TASK STATEMENT - Check each line of the material. Copy those containing "with".

------

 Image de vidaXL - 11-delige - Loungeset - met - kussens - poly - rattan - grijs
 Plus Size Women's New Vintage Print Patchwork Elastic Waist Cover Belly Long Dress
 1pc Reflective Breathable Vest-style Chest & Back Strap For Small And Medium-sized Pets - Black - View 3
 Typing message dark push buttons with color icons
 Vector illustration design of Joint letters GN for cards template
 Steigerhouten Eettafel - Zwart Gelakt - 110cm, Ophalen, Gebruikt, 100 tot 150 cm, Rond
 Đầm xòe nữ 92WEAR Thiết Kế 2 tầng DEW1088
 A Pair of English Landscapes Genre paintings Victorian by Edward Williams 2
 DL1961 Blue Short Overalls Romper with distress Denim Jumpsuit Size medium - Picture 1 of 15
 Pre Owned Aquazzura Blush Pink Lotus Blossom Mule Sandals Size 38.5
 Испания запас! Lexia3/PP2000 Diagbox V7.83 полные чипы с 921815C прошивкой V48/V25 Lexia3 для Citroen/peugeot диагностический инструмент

------

TASK RESPONSE -
 Typing message dark push buttons with color icons
 DL1961 Blue Short Overalls Romper with distress Denim Jumpsuit Size medium - Picture 1 of 15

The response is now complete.